Data in this exercise:
-=-=-=-=-

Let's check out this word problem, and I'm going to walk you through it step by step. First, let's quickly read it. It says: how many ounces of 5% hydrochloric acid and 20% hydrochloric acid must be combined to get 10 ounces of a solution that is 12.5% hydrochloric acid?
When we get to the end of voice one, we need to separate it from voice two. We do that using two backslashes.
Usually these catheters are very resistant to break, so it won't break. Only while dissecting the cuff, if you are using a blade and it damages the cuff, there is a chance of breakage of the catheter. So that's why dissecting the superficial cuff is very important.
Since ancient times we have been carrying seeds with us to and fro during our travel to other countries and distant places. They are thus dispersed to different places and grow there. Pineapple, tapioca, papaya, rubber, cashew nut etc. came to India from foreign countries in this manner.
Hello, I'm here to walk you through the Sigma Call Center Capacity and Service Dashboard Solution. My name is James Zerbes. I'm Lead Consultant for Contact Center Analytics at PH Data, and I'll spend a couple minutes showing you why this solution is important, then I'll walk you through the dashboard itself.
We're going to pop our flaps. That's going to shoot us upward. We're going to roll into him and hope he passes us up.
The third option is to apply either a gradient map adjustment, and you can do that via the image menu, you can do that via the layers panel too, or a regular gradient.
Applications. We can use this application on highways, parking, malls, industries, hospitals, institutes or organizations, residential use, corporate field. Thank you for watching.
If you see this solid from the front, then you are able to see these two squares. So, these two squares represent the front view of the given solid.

-=-=-=-=-

Exercise directions:
From the very first line of the data through the line with "When we get" in it, please reproduce each line exactly and output nothing more.

Response box:
Let's check out this word problem, and I'm going to walk you through it step by step. First, let's quickly read it. It says: how many ounces of 5% hydrochloric acid and 20% hydrochloric acid must be combined to get 10 ounces of a solution that is 12.5% hydrochloric acid?
When we get to the end of voice one, we need to separate it from voice two. We do that using two backslashes.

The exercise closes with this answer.